> What you have to do:
Locate the line containing "1210 8th Ave, Longview, WA 98632 - Photo 9" in the material below. Copy that line and all following lines through the end exactly, omitting any pictures.

> Dataset excerpts:
-- -- --

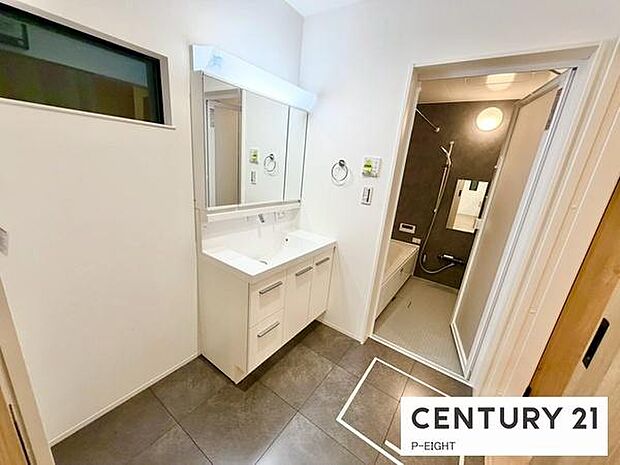 明るい洗面台で身支度ができます!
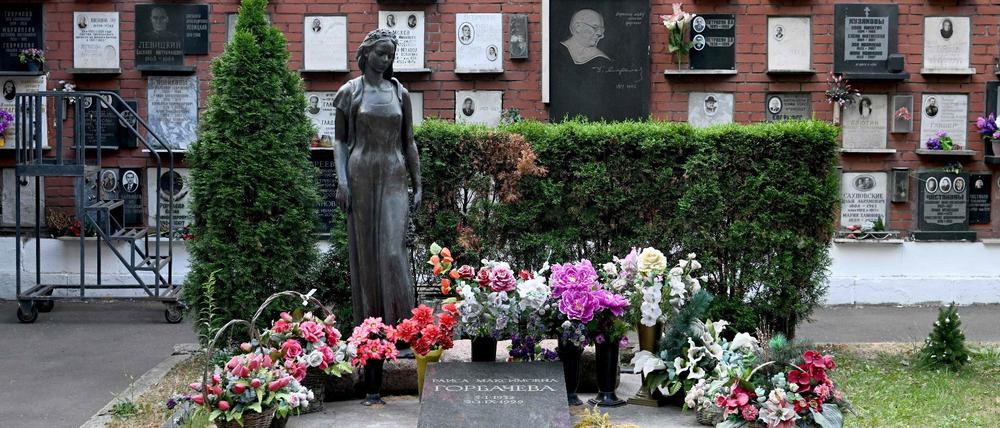 Das Grab von Raissa Gorbatschowa auf dem Nowodewitschi-Friedhof in Moskau. Hier soll auch ihr Mann Michail Gorbatschow beigesetzt werden.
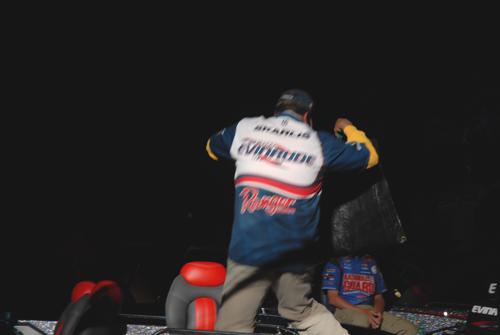 5B215D87-FD72-483D-96F9-6AC9782D1839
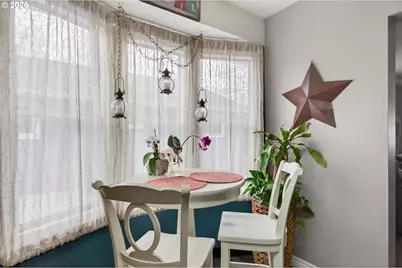 1210 8th Ave, Longview, WA 98632 - Photo 9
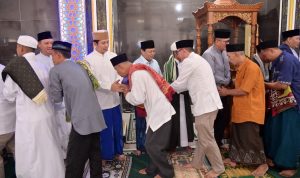 Di Tengah Gema Takbir Desa Kemukus, Bupati Egi Ajak Warga Rawat Hakikat Kurban Melalui Aksi Bersih Lingkungan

-- -- --

> Problem solution:
 1210 8th Ave, Longview, WA 98632 - Photo 9
 Di Tengah Gema Takbir Desa Kemukus, Bupati Egi Ajak Warga Rawat Hakikat Kurban Melalui Aksi Bersih Lingkungan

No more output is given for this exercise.